Options confused me until I thought about them like code. Once I made that mental model shift, the entire thing clicked.
This is options trading explained from first principles — no jargon walls, just the mechanics, the math, and the risk traps.
Disclaimer: This is educational content, not financial advice. Options can result in complete loss of capital. Trade only with money you can afford to lose.
Options Are Conditional Contracts
A stock is simple: you own it, it goes up, you profit.
An option is a conditional contract — you're buying the right (not obligation) to buy or sell at a specific price, before a specific date.
Think of it as:
# CALL option - right to BUY
def call_option(stock_price, strike_price, premium_paid):
if stock_price > strike_price:
profit = stock_price - strike_price - premium_paid
else:
profit = -premium_paid # lose only what you paid
return profit
# PUT option - right to SELL
def put_option(stock_price, strike_price, premium_paid):
if stock_price < strike_price:
profit = strike_price - stock_price - premium_paid
else:
profit = -premium_paid # lose only what you paid
return profit
Your maximum loss on buying an option = the premium you paid. That's it.
Key Terms You Actually Need
Strike price: The price at which you have the right to buy (call) or sell (put) the stock.
Expiration date: The contract expires worthless if not exercised by this date.
Premium: What you pay for the option contract. 1 contract = 100 shares, so a $2.50 premium = $250 out of pocket.
In-the-money (ITM): The option has intrinsic value right now.
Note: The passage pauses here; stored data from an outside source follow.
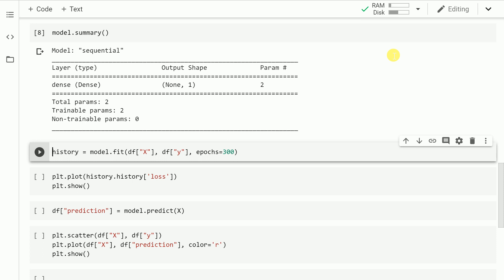It also specifies the total trainable parameters. When you think of regression, you have two trainable parameters that you want to find out: your weight and the intercept term, which is what is signified here.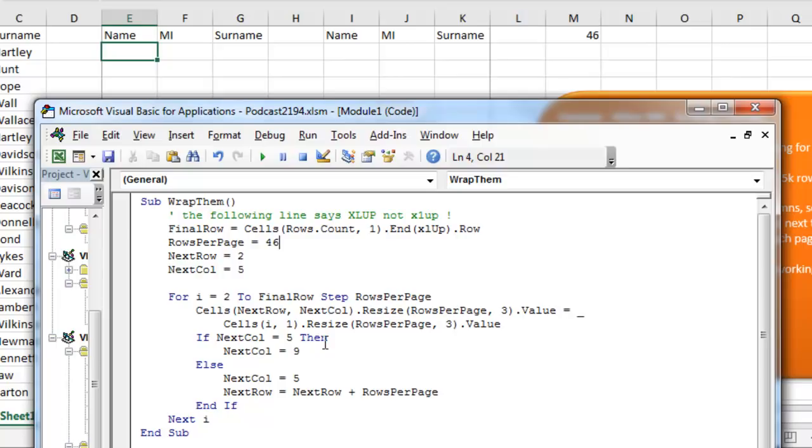But, if we're not at next column equals 5, that means we're at next column equals 9, then we're going to reset the next group back to column E, and the next row is going to be equal to whatever the previous row was, plus 46, and then next I.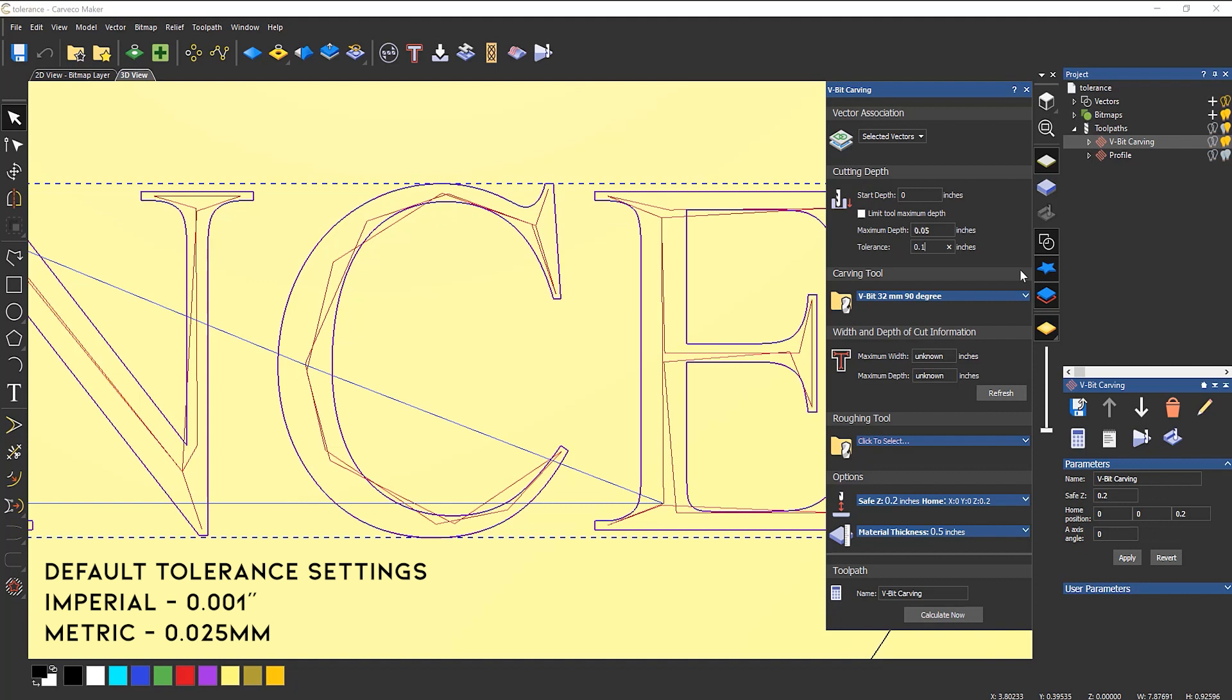The default values for these are 1,000 if you're using Imperial. If you're using metric, then it's 0.025 millimeters.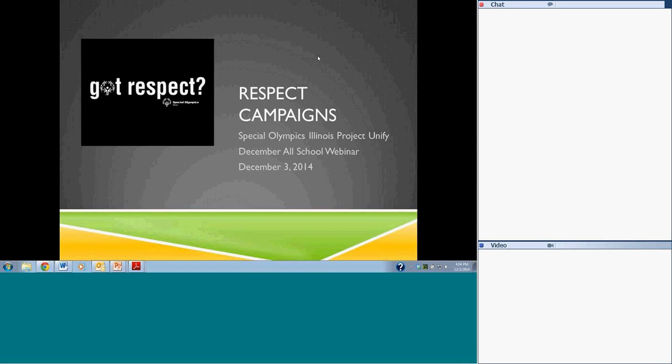There is a box where you can type questions as you have them. I'll leave specific time for questions at the end where myself or any of the presenters will be able to answer those questions for you.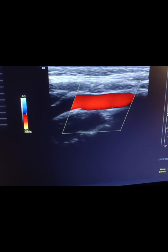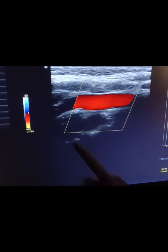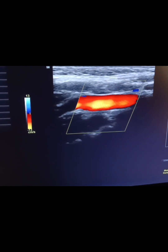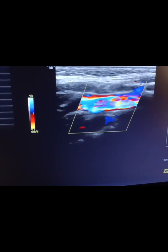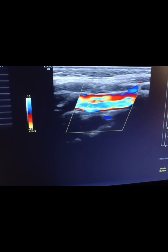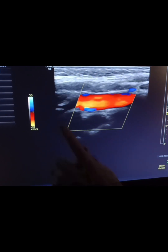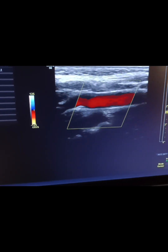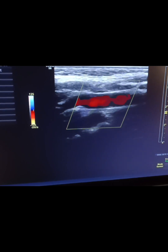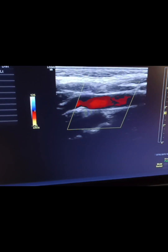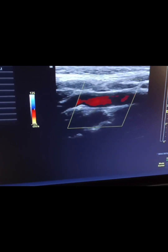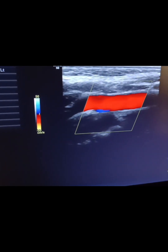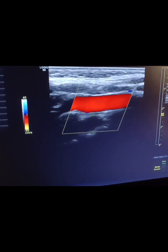Another thing we're going to talk about is the color scale. You can see the color scale is at 40. As I bring it down, it is getting too low — you can see aliasing within the vessel. You're starting to see Christmas lights; that's not normal. If I turn the scale too high, you're not getting good color filling. That's because the average velocity within the vessel is way too high for that scale setting. You have the scale at 125 when in reality the average velocity is right about 40 to 50. Bring it down and you can see that it's nice and optimal.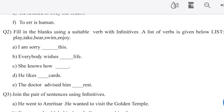Everybody wishes to enjoy life. She knows how to play. She knows how to swim. He likes to play cards.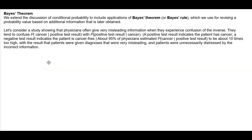Bayes' Theorem. We extend the discussion of conditional probability to include applications of Bayes' Theorem, or Bayes' Rule, which we use for revising a probability value based on additional information that is later obtained.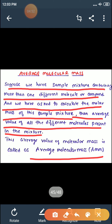Direct question kabhi bhi nahi aayega — woh kabhi nahi kahega calculate the average molecular mass. Woh ek mixture dega aur aapse kahega molecular mass nikalo. Toh aap samjh jaoge ki aapko average molecular mass nikalna hai. Toh clear student? Ab jo mixture hai, uski percentage composition either percentage volume mein, ya percentage mole mein, ya simply moles mein given ho sakti hai.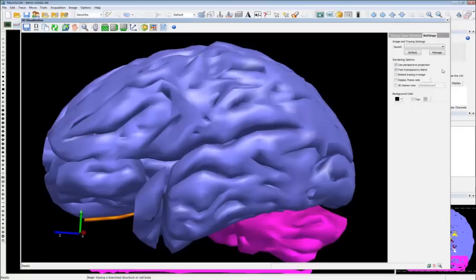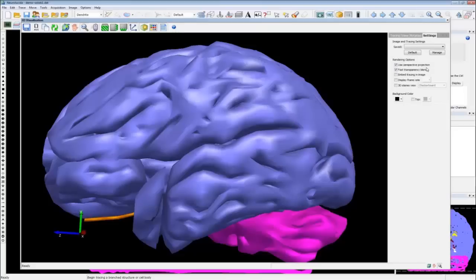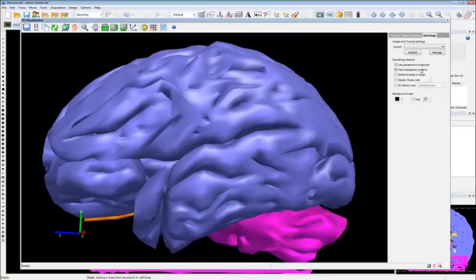Under Rotation, select auto rotate and adjust the speed and angle. When making movies, keep the speed low and the angle relatively straightforward — too many crazy angle changes and people will get nauseous. Under the Settings tab, save all your settings including transparency, angle, and glossiness so you can quickly reproduce the same view for your control animal or next reconstruction. Under rendering options, perspective projection and fast transparency blend are enabled by default. Fast transparency blend renders translucent objects from front to back for more accurate transparency when objects overlap.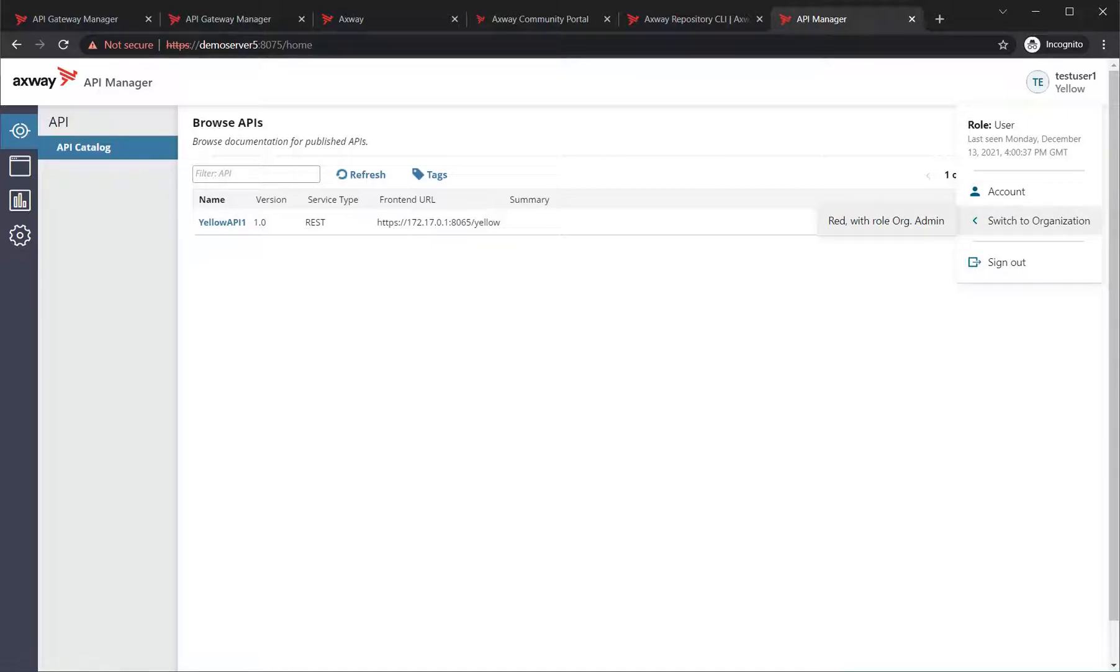if I do switch organization, I can say red, where they are an organization administrator. And you can see the fact that the UI dynamically updates such that they have all of the functionality that their role entails.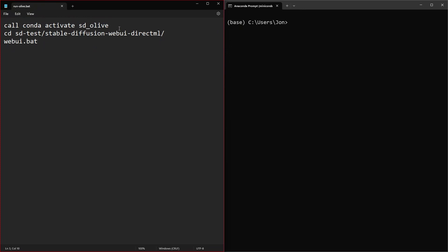There'll be a link with a copy of this down in the description below. Then cd will change directory into whatever directory you used. For myself, I put it inside of an sd-test directory.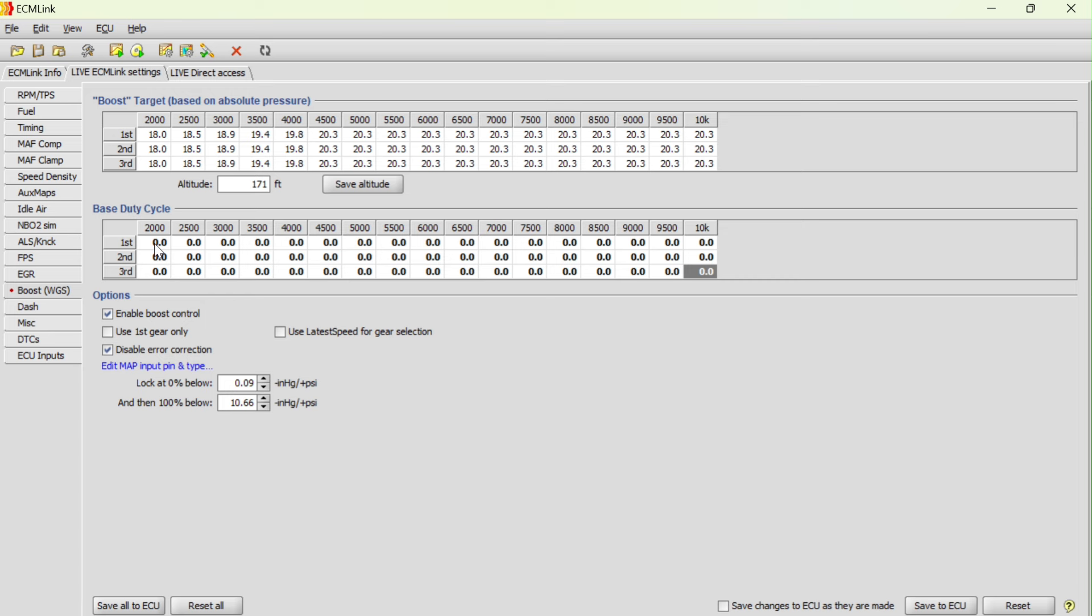Another thing I want to make sure everybody understands is that duty cycle percentage doesn't correlate directly to any amount of boost. Every car setup is different, and any of the numbers that you see on the screen here are going to be for my setup and not for your setup. 1% does not mean the same in my car as it does in your car. 5% is drastically different in your car and my car. We understand that the numbers and the adjustments are going to be different for every single vehicle.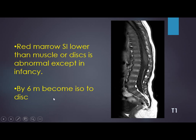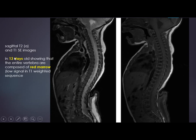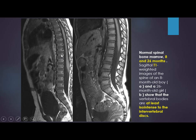In infancy, red marrow may appear lower than muscle and is normal. By six months, the signal of red marrow becomes isointense with muscle. This is shown in a 13-day-old neonate where marrow is almost isointense, and less than disc — which is normal for this age. In an 8-month-old and a 26-month-old child, we see gradual conversion of red to yellow marrow, with increasing hyperintensity as the marrow becomes fatty.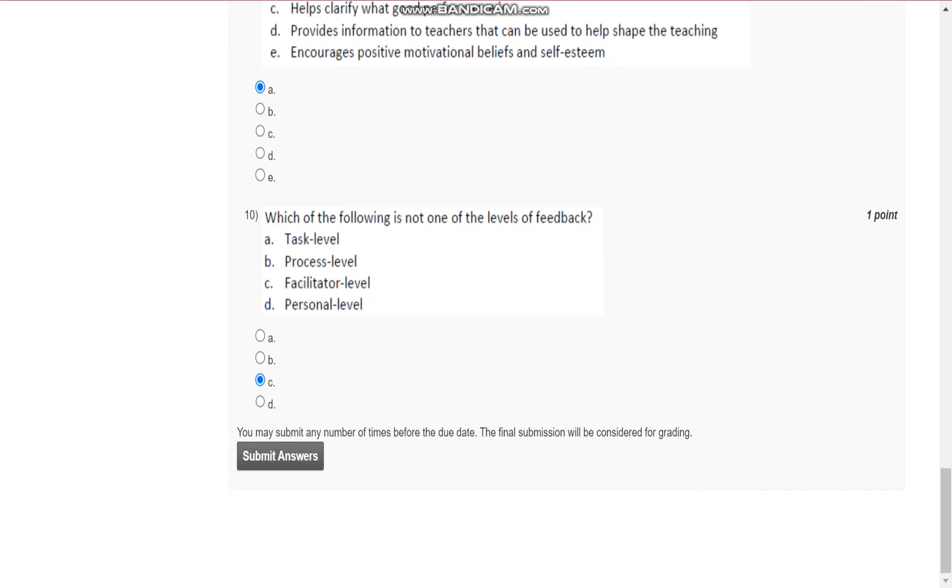Question number ten is, which of the following is not one of the levels of feedback? C, that is, facilitator level. Thank you.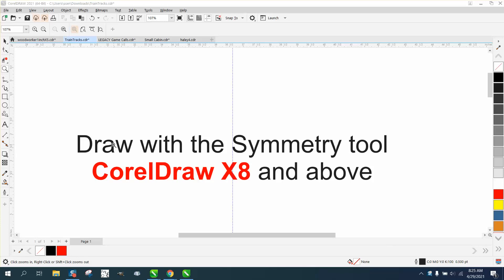Hi, it's me again with CorelDRAW Tips and Tricks today. In today's video, it's about the symmetry tool.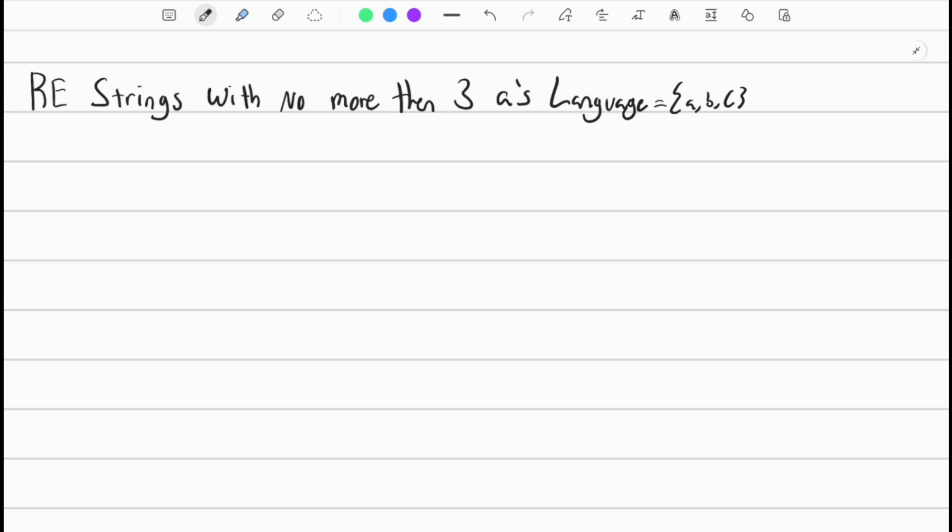Welcome back to another video. Today we're going to be doing some more regular expression practice. We want a regular expression for strings with no more than three A's in the language.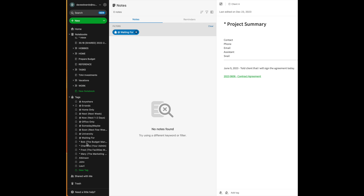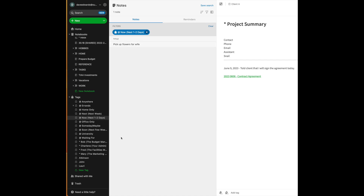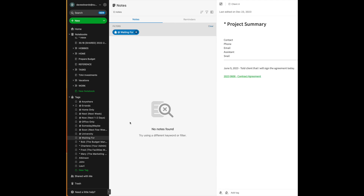I also set up tags for the people that I interact with on a regular basis — these are kind of my agenda tags. And waiting for is the final big category. If I delegate a task to someone, or if I am working on a project that requires me to get information from somebody else before I can finish it, I will tag it with at-waiting-for. All I have to do is click on one of these tags, and I will know what I have to work on in the next one to two days, or when I meet with these people, or if I want to find out who owes me a project so I can nag them a little bit.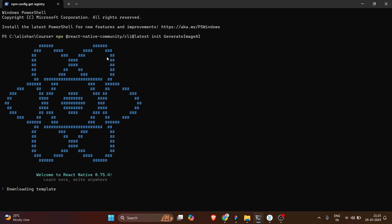After hitting enter, it will take a few seconds to create the GenerateImageAI project directory. It will install the templates, copy the templates, and process the templates. Meanwhile, if you haven't set up the React Native CLI environment already, you can watch my existing videos on the channel.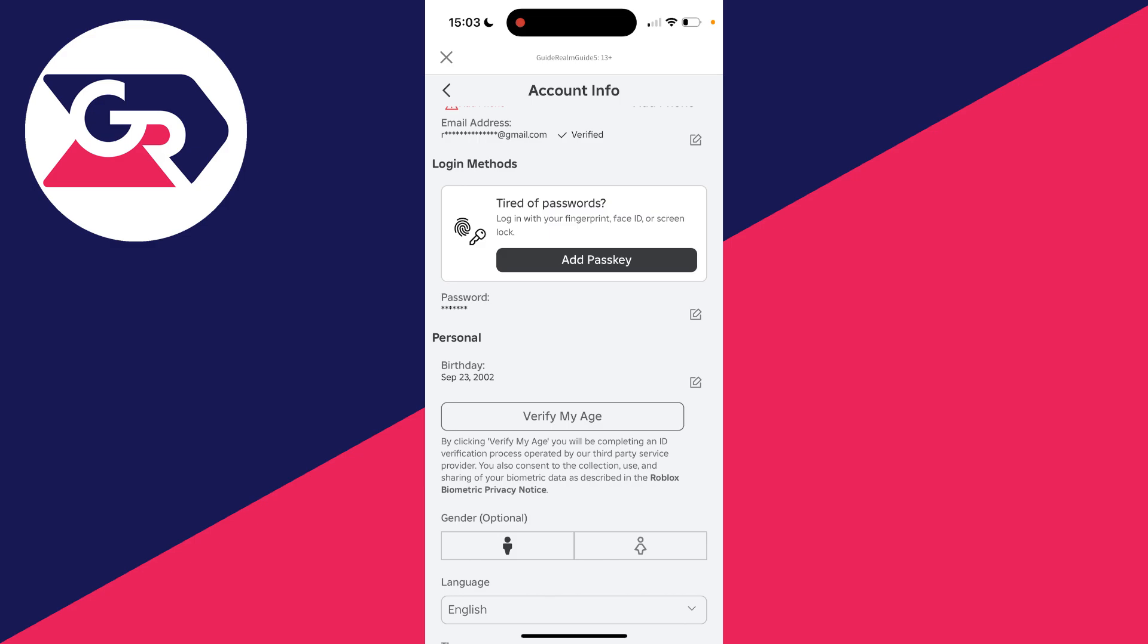If the birthday currently set on Roblox makes you under 13, you won't be able to change it until that birthday makes you 13.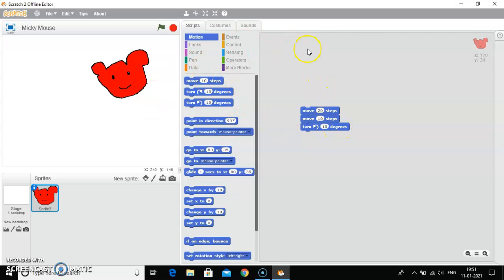So children, kindly practice it. That's all for now. In my next class I will teach you more about the motion blocks. Thank you.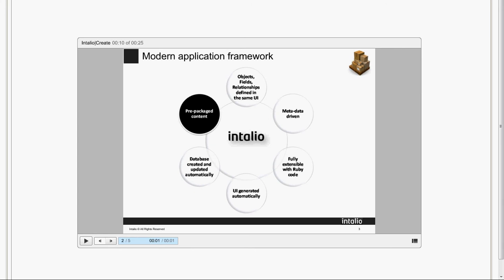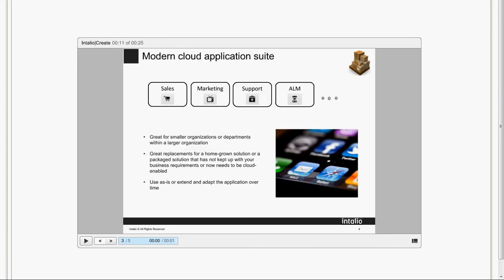When your business needs change, you simply modify the application design. The entire platform does the rest. It automatically propagates the changes to the database, to the UI, to the business logic, everything. You never touch the database or the application server.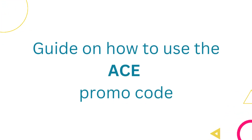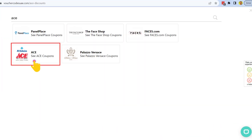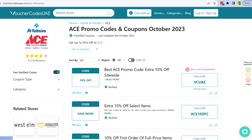Here's how to use the ACE promo code. Visit VoucherCodes UAE and search for ACE. Browse through verified promo codes and click the code to copy. The code gets auto-copied.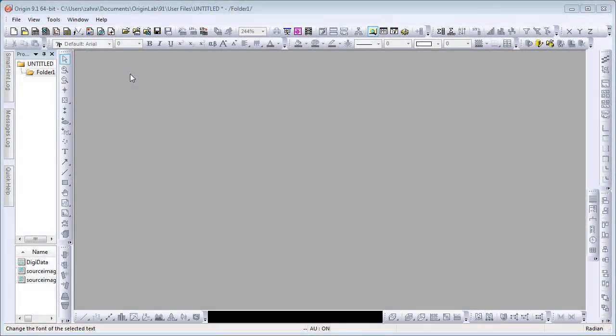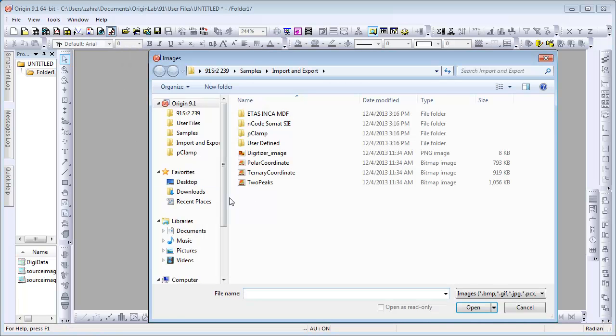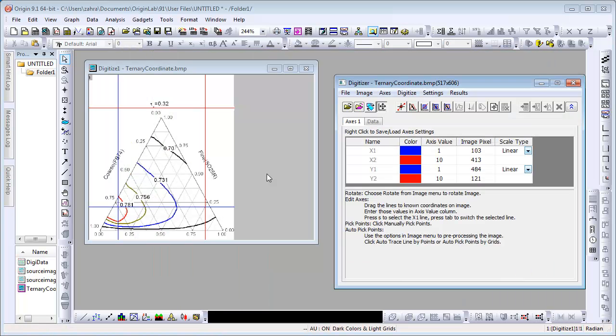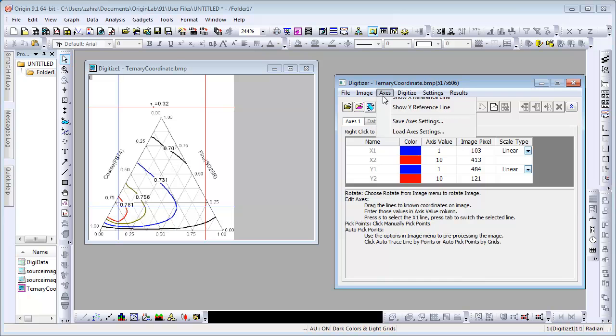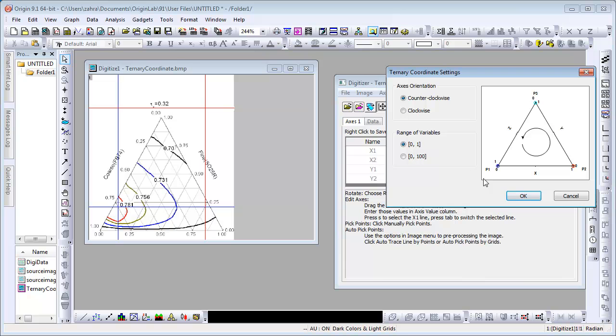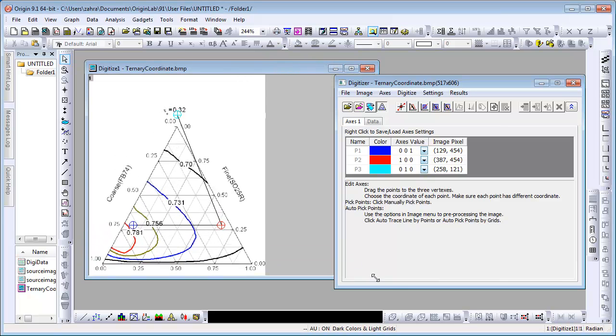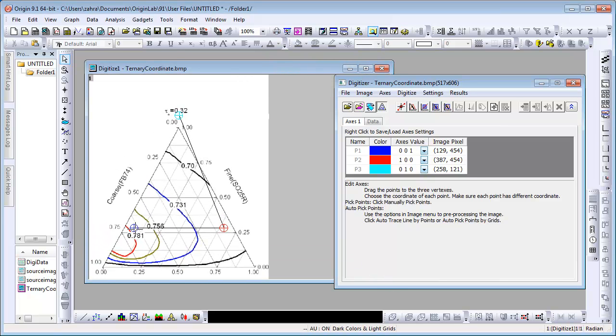We will also learn to digitize a Ternary coordinate plot image. Once again, change the coordinate system from Cartesian to Ternary from the Axis submenu. Save the axis orientation and range of variable default setting. Drag the three points to the vertices that they are closest to.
- Call ITM: stock price > strike
- Put ITM: stock price < strike
Out-of-the-money (OTM): The option has no intrinsic value — only "hope" value (time value).
At-the-money (ATM): Strike ≈ current stock price.
A Real Example
NVIDIA (NVDA) is trading at $900.
You buy 1 NVDA call option:
- Strike: $950 (OTM — NVDA would need to rise $50 to be ITM)
- Expiration: 30 days out
- Premium: $15/share × 100 shares = $1,500 cost
Scenario A: NVDA rises to $1,000 by expiration
- Intrinsic value: $1,000 - $950 = $50/share
- Profit: ($50 - $15) × 100 = $3,500 profit on $1,500 investment = 233% return
Scenario B: NVDA stays at $900
- Option expires worthless (OTM at expiration)
- Loss: $1,500 (100% of premium)
Scenario C: NVDA rises to $940 (close but not enough)
- Still OTM, likely worth ~$2 near expiration
- Loss: $1,300 (87% of premium)
This is why most options buyers lose money. The stock can go up and you still lose.
The Greeks: Your Risk Dashboard
Greeks are partial derivatives of the option price. If you've done calculus or understand how rate-of-change works in code, this is just a function with multiple inputs.
Delta (Δ) — Sensitivity to Stock Price
Delta tells you how much the option price moves per $1 move in the stock.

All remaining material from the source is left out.